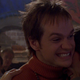Queer-as-folk-3x05-0973.png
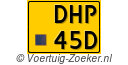 DHP45D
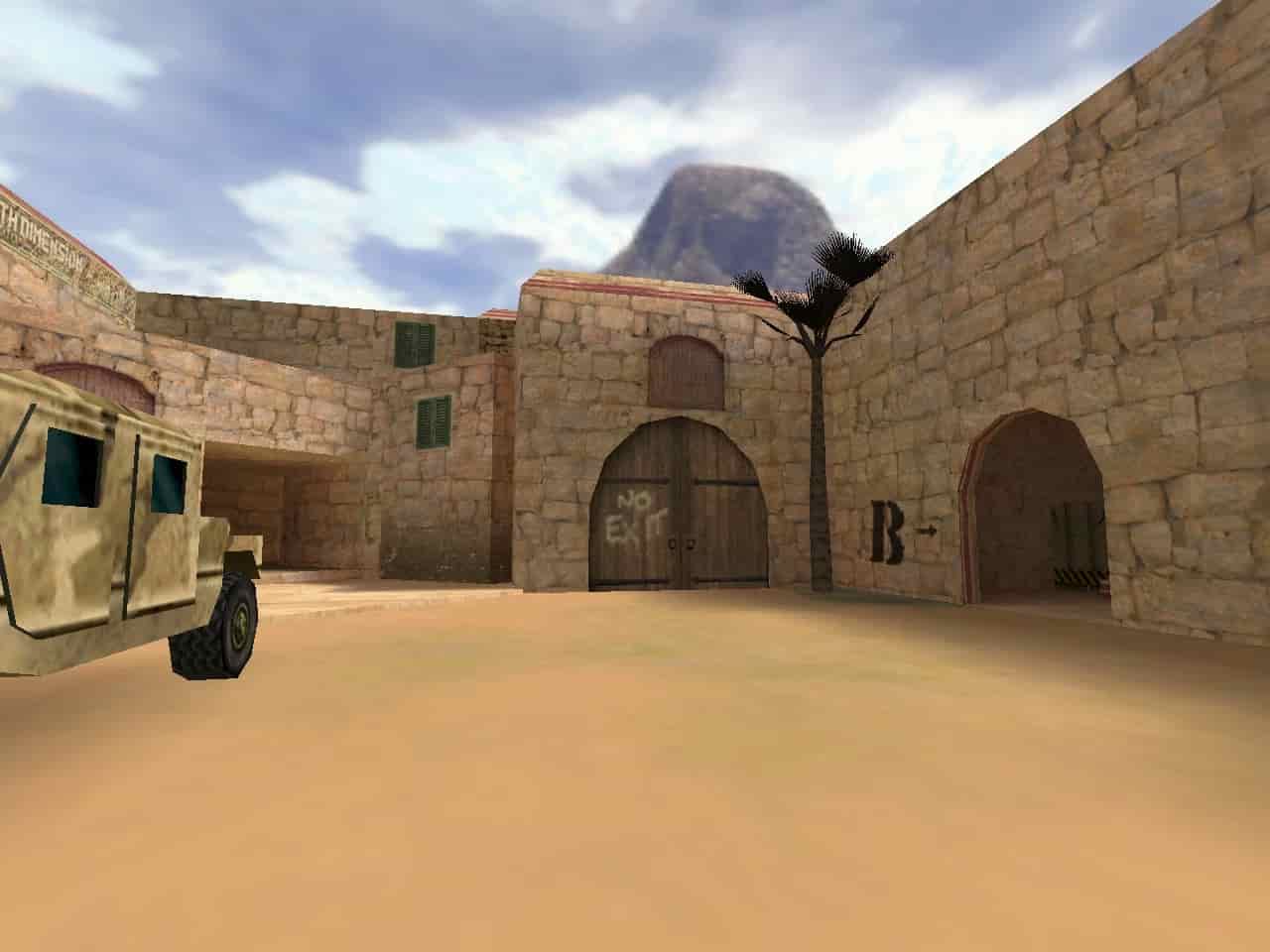 de_fallow
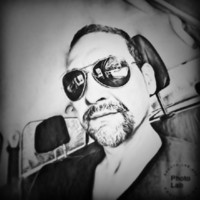 Daniel Hermida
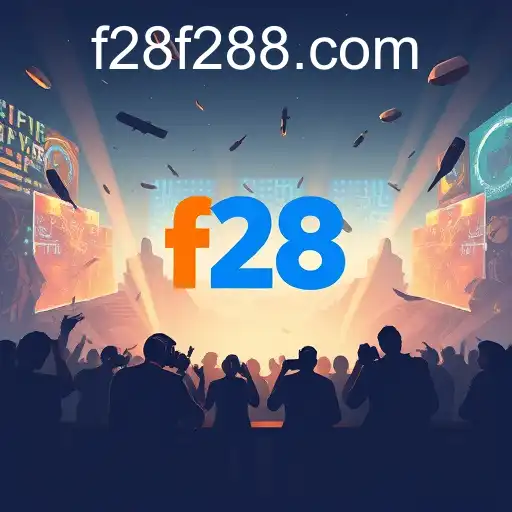 Exploring the Popular Multiplayer Arena Game Genre: A Deep Dive into 'f28'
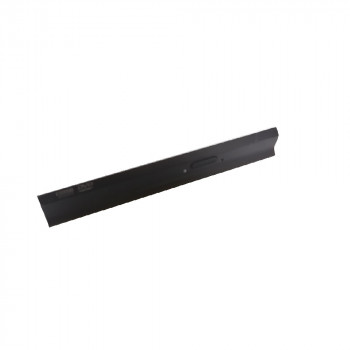 Крышка отсека Bezel-ODD/ DVD 13GN3R1AP060-1 для Asus K43s 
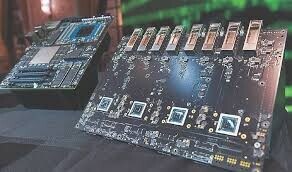 PCB加工消耗品市場シェア上位10社の分析:競合他社の強みと弱みが明らかに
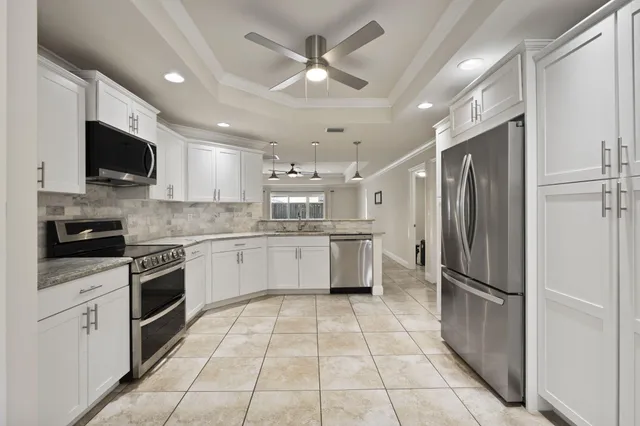 $789,000 | 339 Southwest Winnachee Drive, Stuart, FL 34994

..............................

AIM OF THE EXERCISE ▸ Pictures excluded, output exactly the line that contains "PCB加工消耗品市場シェア上位10社の分析:競合他社の強みと弱みが明らかに" and every line after it to the end of the data above.

RESPONSE TO THE EXERCISE ▸
 PCB加工消耗品市場シェア上位10社の分析:競合他社の強みと弱みが明らかに
 $789,000 | 339 Southwest Winnachee Drive, Stuart, FL 34994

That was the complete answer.